It is highly incomprehensible that the chairman emeritus of the ruling Unity Party Amin Modad, who owns and operates chain of businesses here, including hotels is President Joseph Nyuma Boakai’s pick for Minister of Commerce and Industry. This choice of the President raises serious transparency and accountability questions about his government, particularly departure from business as usual.
How could a man, who is an active player in the sector be the one to supervise and regulate himself and his competitors! It is not just the conflict of interest, but pure nepotism that President Boakai and the Unity Party say they came to eradicate.
We think the President would do not just himself, but the country well by revisiting this appointment for the sake of fair play, accountability, and transparency.
It is very disappointing to the Liberian people for a party that sat in opposition and preached equity for six years would come to power and begin to do the very things that it talked against. This is not the kind of leadership style Liberians expect from the ‘rescue mission.’
Look at what is obtaining in the security sector that has forced the new Minister of Defense, Retired Major General Prince C. Johnson, III, to resign. Trampling on the rights of the men and women in arms is a great disservice to the state, as we saw in the case involving former Minister Brownie Samukai.
Minister Johnson, III did the right thing by immediately tendering in his resignation, for this is the first time in recent history for celebration of Armed Forces Day to be forcibly canceled on account of dissatisfaction of soldiers, as expressed through their wives.

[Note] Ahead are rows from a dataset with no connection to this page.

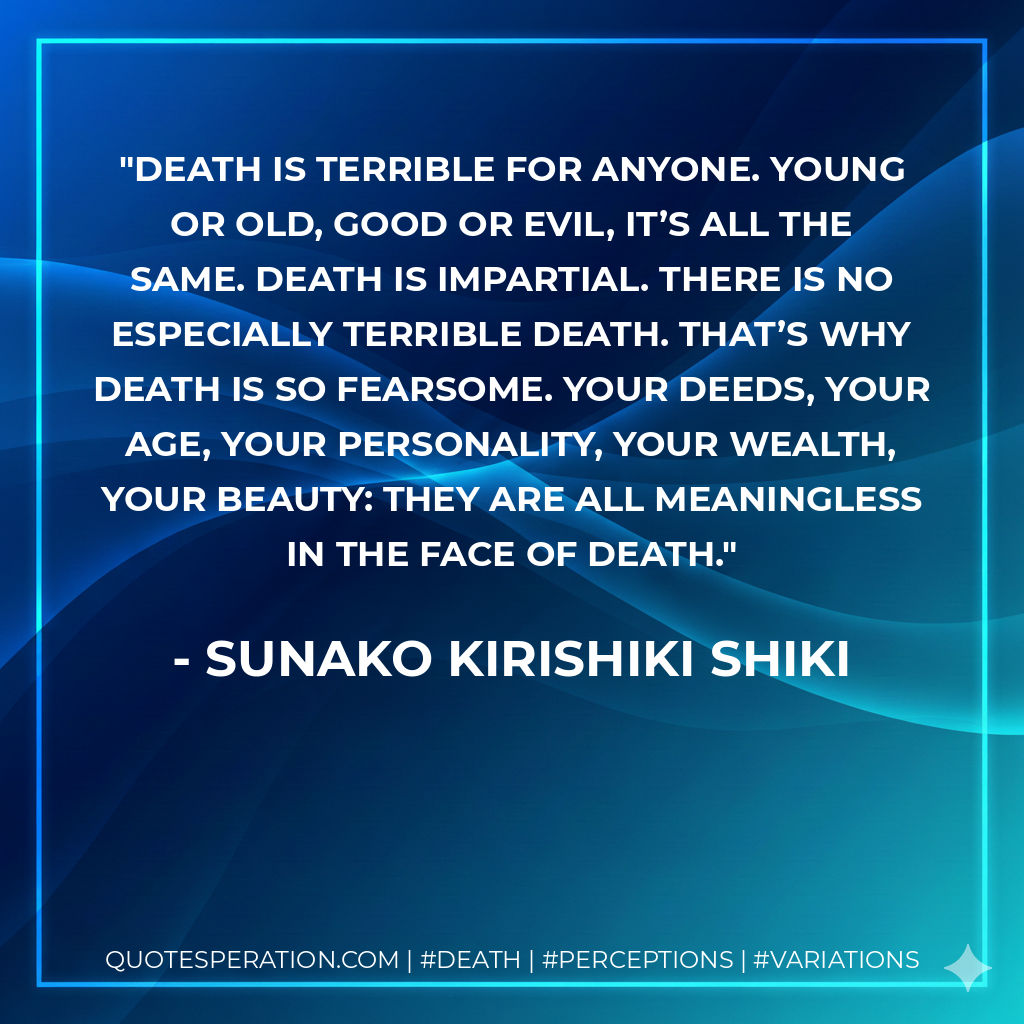 Death is terrible for anyone. Young or old, good or evil, it’s all the same. Death is impartial. There is no especially terrible death. That’s why death is so fearsome. Your deeds, your age, your personality, your wealth, your beauty: they are all meaningless in the face of death.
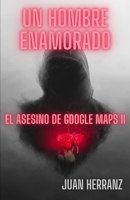 Un hombre enamorado: El asesino de Google Maps 2 (Spanish Edition) B0DFHPLDVX Book Cover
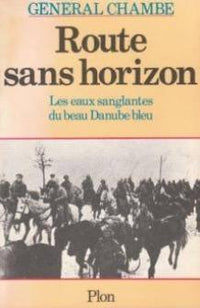 Route sans horizon: Les eaux sanglantes du beau Danube bleu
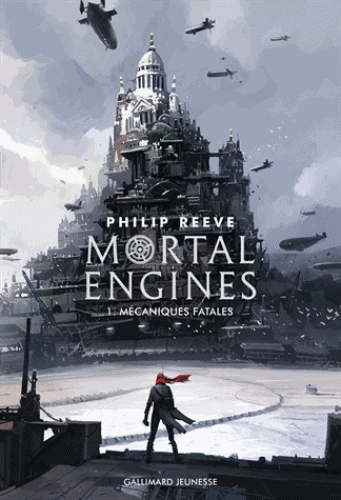 Couverture Mortal Engines, tome 1 : Mécaniques fatales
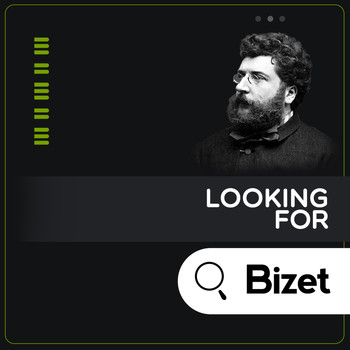Various Artists - Looking for Bizet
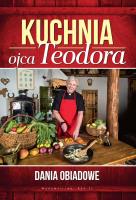 Kuchnia ojca Teodora. Autor: Stępień Teodor. SmakLiter.pl Okładka książki Kuchnia ojca Teodora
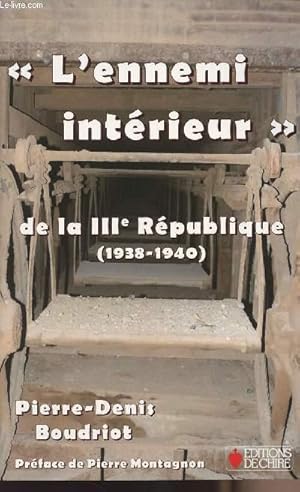 Seller image for L'ennemi intrieur" de la IIIe Rpublique (1938-1940) for sale by Le-Livre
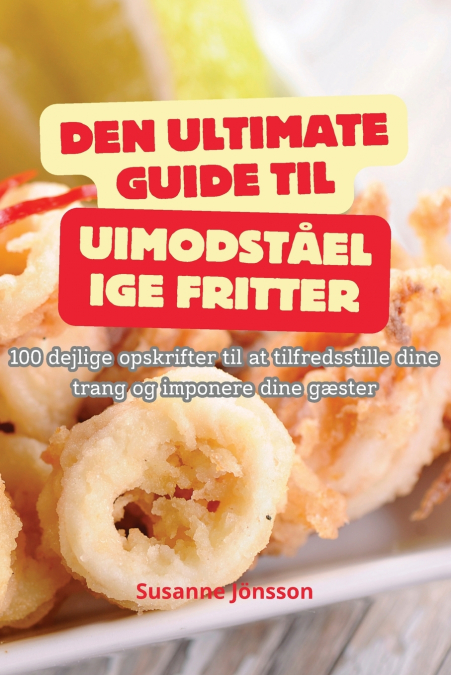DEN ULTIMATE GUIDE TIL UIMODSTÅELIGE FRITTER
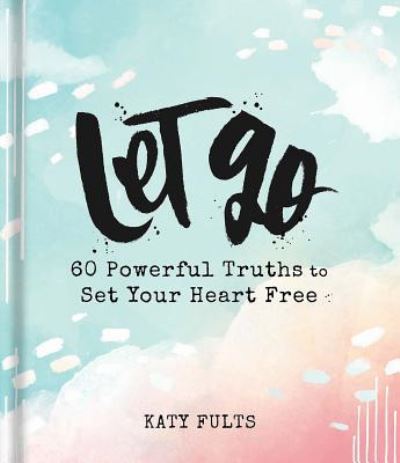 Cover for Katy Fults · Let Go (Hardcover Book) (2019)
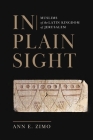 In Plain Sight: Muslims of the Latin Kingdom of Jerusalem (Middle Ages) By Ann E. Zimo Cover Image
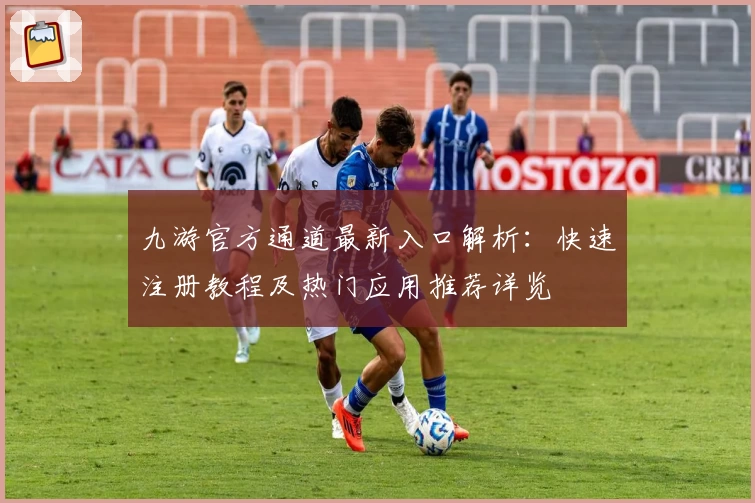 九游官方通道最新入口解析：快速注册教程及热门应用推荐详览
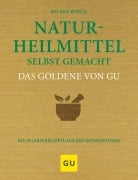 Cover-Bild zum Titel 'Naturheilmittel selbstgemacht Das Goldene von GU' von 'Melanie Wenzel'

We do not know what awaits our nation’s commerce with a player appointed to referee actors and competitors. Will there be fair play or transparency? These are but few of the questions lingering in the public, as Minister Modad goes to work daily.
It is important that the government cultivate and maintain a fair but highly competitive business environment to attract direct foreign investments that have eluded the economy in the past six years.
This can only be achieved with the kind of policies that would be put in place to stimulate the economy and attract more investors for healthy competition and growth.
We are raising these concerns not on account that we have anything specific against Minister Amin Modad, but that compromise and selfish interests would be thrown out of the window so that the right things are done for the general good of the country, which needs serious economic viability.